So, when that didn't work, I headed into the bathroom with a wire coat hanger, some rags, and what little strength I could scrape together. Amazingly, I knew to turn off the water and disconnect the hose from the wall before attempting to remove the toilet. I also knew that I'd need to stop up the hole in the floor (in the center of the gooey wax ring) so the room wouldn't fill with sewer gas. I know, I know; I was impressed with myself too.

A few nuts later, the toilet was upside down and I was jabbing the twisted coat hanger into the p-trap to dislodge the pink pencil case. The stupid thing finally slid free in a rush of opaque, brown um... water.

I was so proud of myself that I didn't notice how slow the toilet flushed after I had it put back in place. By the time I was ready to go to bed, however, the toilet wasn't flushing at all. Again. I stressed about it for a bit, plunging like a madwoman to keep from looking incompetent in front of The Gunny. Still no luck.

Then I remembered the wire coat hanger, which had mysteriously disappeared.

Let me back up for a minute here. After the disappearing/reappearing pink pencil case ordeal, I'd washed two loads of soggy towels, bleached the crap out of my bathroom (literally), and scheduled therapy for my emotional scarring. I sure as sugar didn't want to go through all of that again. But I also didn't want to have to tell The Gunny that I left a mangled wire hanger in the p-trap.

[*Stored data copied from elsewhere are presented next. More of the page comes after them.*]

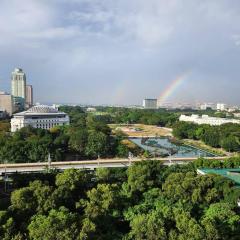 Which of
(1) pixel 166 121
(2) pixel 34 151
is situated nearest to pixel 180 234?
(2) pixel 34 151

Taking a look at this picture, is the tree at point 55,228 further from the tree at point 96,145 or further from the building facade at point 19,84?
the building facade at point 19,84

My pride won and I dismantled the toilet. Again. I did two loads of laundry. Again. I bleached the bathroom. Again.

The moral of this story? 2yo is the spawn of Satan. No wait- I'm stronger than I first believed. I did what I had to do to make things work, even when it meant going back into the fray. Again.

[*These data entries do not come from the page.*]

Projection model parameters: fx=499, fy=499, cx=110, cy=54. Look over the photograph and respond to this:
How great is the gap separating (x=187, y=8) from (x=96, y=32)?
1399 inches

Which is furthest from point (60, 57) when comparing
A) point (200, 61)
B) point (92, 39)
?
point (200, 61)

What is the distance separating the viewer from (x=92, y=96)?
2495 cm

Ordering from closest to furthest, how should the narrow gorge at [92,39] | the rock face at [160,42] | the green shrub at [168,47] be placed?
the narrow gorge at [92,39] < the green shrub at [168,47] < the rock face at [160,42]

Getting published isn't a whole lot different from dislodging a pink pencil case and a wire coat hanger from the p-trap of a toilet. You might go into it feeling like it's going to be a piece of cake, or you might have to force yourself to send off that first query-- but you do it anyway. And then you suffer. You find yourself up to your elbows in crap, standing in a *muddy* puddle, and dry-heaving over an unusable toilet. Or not. Whatever. But you get through the rejections, and you get your pretty pink requests for partials and fulls.

This is where I am in the publishing game right now; having procured my pink pencil case and discovering there's still more to be done. I'm stronger than I first believed though, and I'm diving back in to finish the job. I'm familiar with the plumbing this time, and I know I can get this done and get it done right.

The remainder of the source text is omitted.